3 Strategies to Add Accountability to Your Decision-making
Organizations yearn for accountability in their implementation of DEI approaches but often are not sure how to create it.
Getting Unstuck
For some time, I have been thinking about accountability and its connection to racial equity as a practice. This is a place where so many organizations get stuck. Let’s use a concrete example. Organization A decides to use the Racial Equity Impact Analysis Tool when making any policy recommendations. The sticky place becomes how that organization holds itself accountable for the change in practice.
Staying with our tool example, let’s define accountability.
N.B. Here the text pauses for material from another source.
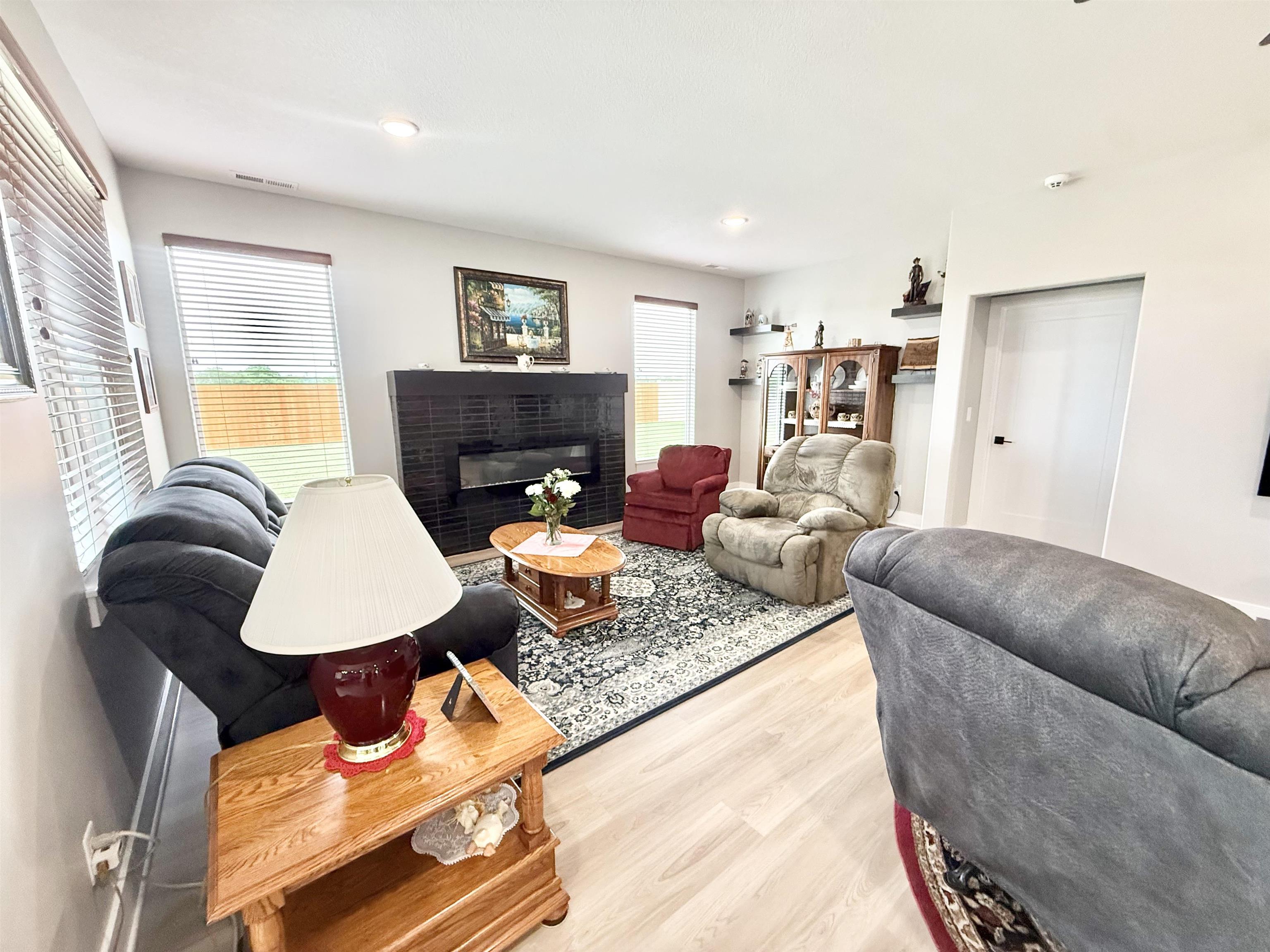 2540 S Spring Hollow St Property Photo 6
Accountability: The ways in which organizations hold themselves to their goals and actions while acknowledging the values and communities to which they are responsible. Accountability needs its own plan and approach. According to Dr. Evelyn Carter’s work, DEI Initiatives Are Futile Without Accountability, “without a framework for measuring and evaluating their efforts, the resolve that many leaders and organizations have shown around improving DEI in recent years will falter when challenges arise.” That means, that when an organization changes a practice, it must also create an accountability strategy at the same time. Organization A begins conducting a racial equity impact analysis on its policy recommendations, as a practice.
Here is some additional guidance. You can create an accountability strategy in three parts.
Part 1: Create a consistent “equity why.”
Organization A establishes a clear why for the practice change.
Part 2: Keep organizational or team commitments
Organization A holds the policy director accountable for conducting the analysis across program areas as well as supporting staff as they grow their capacity.
Part 3: Maintain transparency in decision-making.
Everyone on the team understands how the decision was made.
Work From A Consistent Why
Accountability is a “how question”, but before getting there, you need a shared why. By why, I mean why racial equity work matters to your organization, company, or philanthropy. Tools — even great ones (like the Racial Equity Impact Analysis Tool) — can't create an organizational why. The why is a shared organizational understanding and can only be created together. The starting place for a consistent “why” is your organization’s mission and vision.
The "how" is not likely to be applied if the "why" is not clear.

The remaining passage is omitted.